MTV program Live@赤坂ブリッツ 1999[CHAGE&ASKA]

ほとんど“世代を絞った黒歴史晒し”な感もあるw想い出しライブレポート。
今回は長いソロ活動明けにチャゲアス再開をした最初のライブ、赤坂ブリッツでのアンプラグドをお送りします。

この時期はASKAが『ID』ツアーの後、予定していたチャゲアスの活動をブッチし問題作『kicks』リリースとそれに伴うツアーを実施。

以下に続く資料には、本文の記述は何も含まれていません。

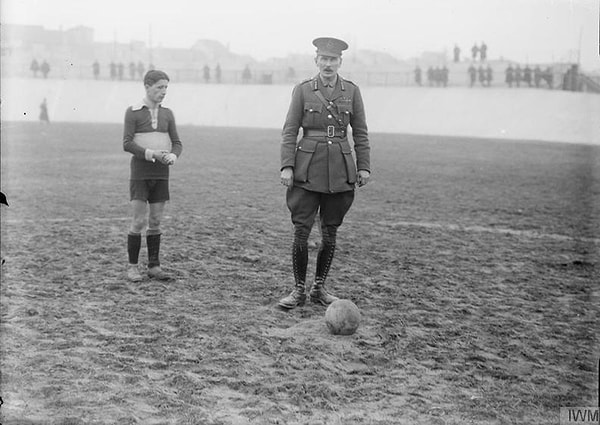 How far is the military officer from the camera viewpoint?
5.68 m

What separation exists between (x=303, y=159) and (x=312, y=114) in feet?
1.20

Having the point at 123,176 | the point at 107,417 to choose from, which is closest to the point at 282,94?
the point at 123,176

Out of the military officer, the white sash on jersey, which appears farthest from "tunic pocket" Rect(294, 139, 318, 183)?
the white sash on jersey

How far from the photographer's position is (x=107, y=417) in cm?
364

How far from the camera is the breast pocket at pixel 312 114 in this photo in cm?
570

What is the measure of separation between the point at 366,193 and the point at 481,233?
4.49 metres

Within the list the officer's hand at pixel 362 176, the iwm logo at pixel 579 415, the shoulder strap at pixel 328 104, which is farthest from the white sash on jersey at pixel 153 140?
the iwm logo at pixel 579 415

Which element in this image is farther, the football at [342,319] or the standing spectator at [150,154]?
the standing spectator at [150,154]

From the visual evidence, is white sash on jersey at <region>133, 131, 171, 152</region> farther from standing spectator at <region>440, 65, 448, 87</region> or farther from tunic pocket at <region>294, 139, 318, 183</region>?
standing spectator at <region>440, 65, 448, 87</region>

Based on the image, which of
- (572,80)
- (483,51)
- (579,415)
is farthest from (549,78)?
(579,415)

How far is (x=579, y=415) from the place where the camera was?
380 cm

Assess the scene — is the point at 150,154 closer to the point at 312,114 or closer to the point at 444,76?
the point at 312,114

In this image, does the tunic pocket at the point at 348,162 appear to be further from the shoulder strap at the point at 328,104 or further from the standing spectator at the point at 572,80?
the standing spectator at the point at 572,80

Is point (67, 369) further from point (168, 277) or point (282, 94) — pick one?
point (282, 94) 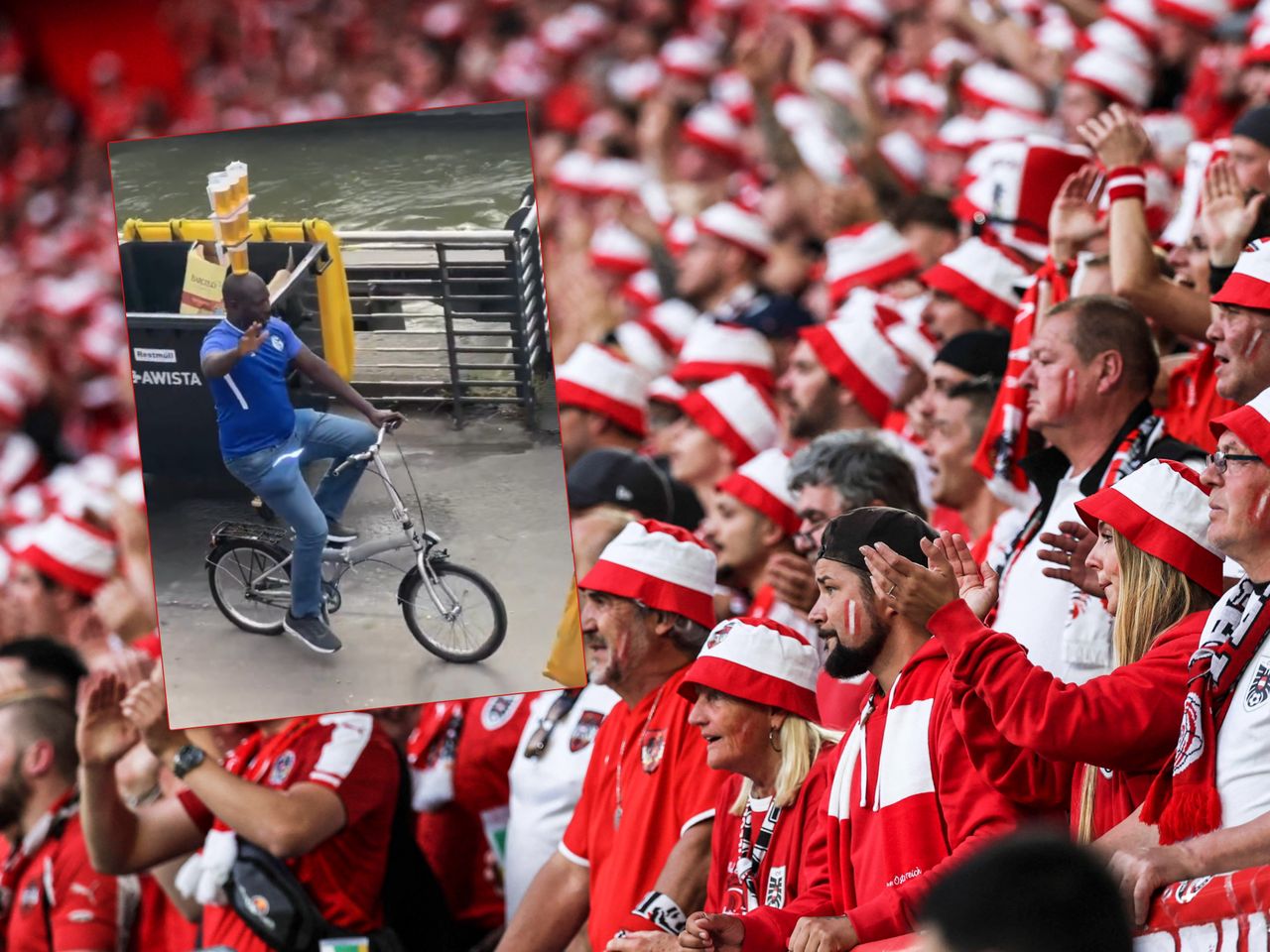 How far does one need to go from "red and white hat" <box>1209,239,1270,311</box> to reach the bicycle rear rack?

一方CHAGEもヴィジュアル、サウンド共にチャゲアスのイメージと大きくかけ離れたロックでサイケなソロ活動を展開するなど界隈が混沌としておりまして。

そこに“インターネット”の定着に伴う、2ちゃんねるをはじめとする各種BBS(※FIP'sとかいう掲示板あったよなー)、個人ホームページなどによる怪情報やファン同士の議論が輪をかけてカオスにしていたという印象です。


※FIP's

90年代後期、チャゲアスファンが集った掲示板。
たしか元々はフジテレビが設置していた音楽ファン向けの掲示板だったはず、それをチャゲアスファンが既成事実として占拠していたという。
テレホーダイ(今の若い子は知らんじゃろ)が解禁される23:00以降にみんなセコセコ書き込んでましたねw

ネットリテラシーやセキュリティーなどという概念もない中、応援、熱い議論からデマ、罵声、ファンの個人攻撃まで活発に行われ、本人のニセモノも頻繁に表れたw、ネット創世記ならではの熱くもありカオスでもあった掲示板。

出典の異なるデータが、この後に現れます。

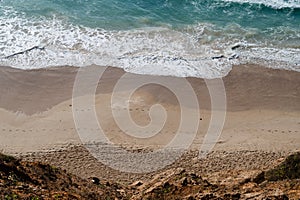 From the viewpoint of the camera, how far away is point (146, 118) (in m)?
17.7

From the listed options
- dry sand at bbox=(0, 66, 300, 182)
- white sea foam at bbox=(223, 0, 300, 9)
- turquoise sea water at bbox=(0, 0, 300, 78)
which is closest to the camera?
dry sand at bbox=(0, 66, 300, 182)

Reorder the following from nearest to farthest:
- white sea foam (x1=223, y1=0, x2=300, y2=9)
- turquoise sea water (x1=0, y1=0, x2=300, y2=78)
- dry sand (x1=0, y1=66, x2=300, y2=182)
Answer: dry sand (x1=0, y1=66, x2=300, y2=182) < turquoise sea water (x1=0, y1=0, x2=300, y2=78) < white sea foam (x1=223, y1=0, x2=300, y2=9)

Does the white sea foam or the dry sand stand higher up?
the white sea foam

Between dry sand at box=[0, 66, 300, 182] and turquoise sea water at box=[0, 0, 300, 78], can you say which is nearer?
dry sand at box=[0, 66, 300, 182]

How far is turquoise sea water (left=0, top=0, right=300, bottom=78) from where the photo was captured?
21844 millimetres

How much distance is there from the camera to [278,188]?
29.4 ft

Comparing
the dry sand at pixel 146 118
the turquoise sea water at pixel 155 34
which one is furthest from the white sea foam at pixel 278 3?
the dry sand at pixel 146 118

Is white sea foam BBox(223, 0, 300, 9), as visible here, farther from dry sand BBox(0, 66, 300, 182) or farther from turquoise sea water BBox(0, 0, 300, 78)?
dry sand BBox(0, 66, 300, 182)

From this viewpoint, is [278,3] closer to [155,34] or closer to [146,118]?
[155,34]

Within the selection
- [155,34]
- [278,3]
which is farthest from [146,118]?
[278,3]

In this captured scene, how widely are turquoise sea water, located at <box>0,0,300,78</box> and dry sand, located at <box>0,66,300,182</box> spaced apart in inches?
43.6

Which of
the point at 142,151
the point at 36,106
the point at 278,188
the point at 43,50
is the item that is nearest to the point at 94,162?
the point at 142,151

ここ発のオフ会や自主イベントも数多く開かれてましたね。

ただし、当時の総ファン数やネットの浸透度から考えると、ごく一部のファンの“暴走”という側面も多分にあり、この掲示板常連の“自分たちがファン代表”みたいな空気と態度は、その他大勢のファンからの不評もかなりかっていたように思います(かなり私感w)。

まぁネット初期ならではの現象ですな。

そんなわけでネットではマスコミや本人ではなくファン主導での“解散説”もささやかれていましたね(FC解散時の渡邊氏のコメントにあった「2000年のかなり前にチャゲアスに未来は無いと感じていた」という発言をみると、この推測は的を得ていたように思います)。

そんな不安と不満が溜まっていた状態で『どうやらチャゲアスが本当に再開するらしい』という噂が立体化しはじめ、オフィシャルでも再開の告知がなされます。

ただし中の人達的にも見切り発車だったのか“再開します”という発表後になかなか具体的なハナシが出てこず、また情報が錯綜しだします。

なかでも多かった噂が、“バックバンドやプロデューサーがASKAソロのメンバーに変わるらしい”というもの。
ファン全体にkicksプロジェクトに批判的な空気があったので、この噂はかなり否定的に捉えられていたように思います。平たく言えば“kicksみたいなサウンドでチャゲアスをやられちゃたまらん”という声が多く聞かれました。
でもこの説は半分正解だったので、スタッフやその近辺からのリークがあったのかもしれませんね。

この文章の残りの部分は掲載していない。